(Listed records Opens)

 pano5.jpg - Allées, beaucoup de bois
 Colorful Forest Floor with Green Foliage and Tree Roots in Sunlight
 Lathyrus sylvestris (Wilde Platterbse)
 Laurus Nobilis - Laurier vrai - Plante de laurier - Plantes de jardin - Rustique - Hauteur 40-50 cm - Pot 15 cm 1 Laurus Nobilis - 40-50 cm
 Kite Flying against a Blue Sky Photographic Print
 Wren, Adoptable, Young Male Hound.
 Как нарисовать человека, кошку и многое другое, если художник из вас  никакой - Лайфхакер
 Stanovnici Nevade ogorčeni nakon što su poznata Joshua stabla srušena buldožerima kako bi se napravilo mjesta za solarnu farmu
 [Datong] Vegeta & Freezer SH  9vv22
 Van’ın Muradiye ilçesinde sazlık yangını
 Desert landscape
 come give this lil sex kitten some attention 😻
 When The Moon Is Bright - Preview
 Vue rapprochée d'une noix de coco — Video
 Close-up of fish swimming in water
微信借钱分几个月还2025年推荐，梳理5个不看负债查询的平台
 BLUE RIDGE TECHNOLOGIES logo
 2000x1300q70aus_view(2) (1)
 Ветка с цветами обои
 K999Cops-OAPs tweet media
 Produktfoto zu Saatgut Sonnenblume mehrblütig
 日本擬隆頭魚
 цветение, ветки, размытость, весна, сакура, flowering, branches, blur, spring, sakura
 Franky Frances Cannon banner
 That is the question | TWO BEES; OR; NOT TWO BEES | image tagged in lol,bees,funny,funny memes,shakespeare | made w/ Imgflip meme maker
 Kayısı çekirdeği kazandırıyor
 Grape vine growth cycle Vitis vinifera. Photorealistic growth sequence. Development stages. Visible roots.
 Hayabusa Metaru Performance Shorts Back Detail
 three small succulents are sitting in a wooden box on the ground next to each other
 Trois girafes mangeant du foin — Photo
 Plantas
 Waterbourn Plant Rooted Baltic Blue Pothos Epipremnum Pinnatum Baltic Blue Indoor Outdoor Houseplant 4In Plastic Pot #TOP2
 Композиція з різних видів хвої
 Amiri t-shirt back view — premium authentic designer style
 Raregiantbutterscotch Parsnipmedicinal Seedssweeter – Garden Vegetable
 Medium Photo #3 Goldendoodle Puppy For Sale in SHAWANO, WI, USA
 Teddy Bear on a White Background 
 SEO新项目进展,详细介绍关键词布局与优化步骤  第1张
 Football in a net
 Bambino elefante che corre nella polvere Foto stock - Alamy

(Listed records Closes)

_Directions for this task:_ Copy out the data shown above in full. Match it exactly.

_Solved problem:_
 pano5.jpg - Allées, beaucoup de bois
 Colorful Forest Floor with Green Foliage and Tree Roots in Sunlight
 Lathyrus sylvestris (Wilde Platterbse)
 Laurus Nobilis - Laurier vrai - Plante de laurier - Plantes de jardin - Rustique - Hauteur 40-50 cm - Pot 15 cm 1 Laurus Nobilis - 40-50 cm
 Kite Flying against a Blue Sky Photographic Print
 Wren, Adoptable, Young Male Hound.
 Как нарисовать человека, кошку и многое другое, если художник из вас  никакой - Лайфхакер
 Stanovnici Nevade ogorčeni nakon što su poznata Joshua stabla srušena buldožerima kako bi se napravilo mjesta za solarnu farmu
 [Datong] Vegeta & Freezer SH  9vv22
 Van’ın Muradiye ilçesinde sazlık yangını
 Desert landscape
 come give this lil sex kitten some attention 😻
 When The Moon Is Bright - Preview
 Vue rapprochée d'une noix de coco — Video
 Close-up of fish swimming in water
微信借钱分几个月还2025年推荐，梳理5个不看负债查询的平台
 BLUE RIDGE TECHNOLOGIES logo
 2000x1300q70aus_view(2) (1)
 Ветка с цветами обои
 K999Cops-OAPs tweet media
 Produktfoto zu Saatgut Sonnenblume mehrblütig
 日本擬隆頭魚
 цветение, ветки, размытость, весна, сакура, flowering, branches, blur, spring, sakura
 Franky Frances Cannon banner
 That is the question | TWO BEES; OR; NOT TWO BEES | image tagged in lol,bees,funny,funny memes,shakespeare | made w/ Imgflip meme maker
 Kayısı çekirdeği kazandırıyor
 Grape vine growth cycle Vitis vinifera. Photorealistic growth sequence. Development stages. Visible roots.
 Hayabusa Metaru Performance Shorts Back Detail
 three small succulents are sitting in a wooden box on the ground next to each other
 Trois girafes mangeant du foin — Photo
 Plantas
 Waterbourn Plant Rooted Baltic Blue Pothos Epipremnum Pinnatum Baltic Blue Indoor Outdoor Houseplant 4In Plastic Pot #TOP2
 Композиція з різних видів хвої
 Amiri t-shirt back view — premium authentic designer style
 Raregiantbutterscotch Parsnipmedicinal Seedssweeter – Garden Vegetable
 Medium Photo #3 Goldendoodle Puppy For Sale in SHAWANO, WI, USA
 Teddy Bear on a White Background 
 SEO新项目进展,详细介绍关键词布局与优化步骤  第1张
 Football in a net
 Bambino elefante che corre nella polvere Foto stock - Alamy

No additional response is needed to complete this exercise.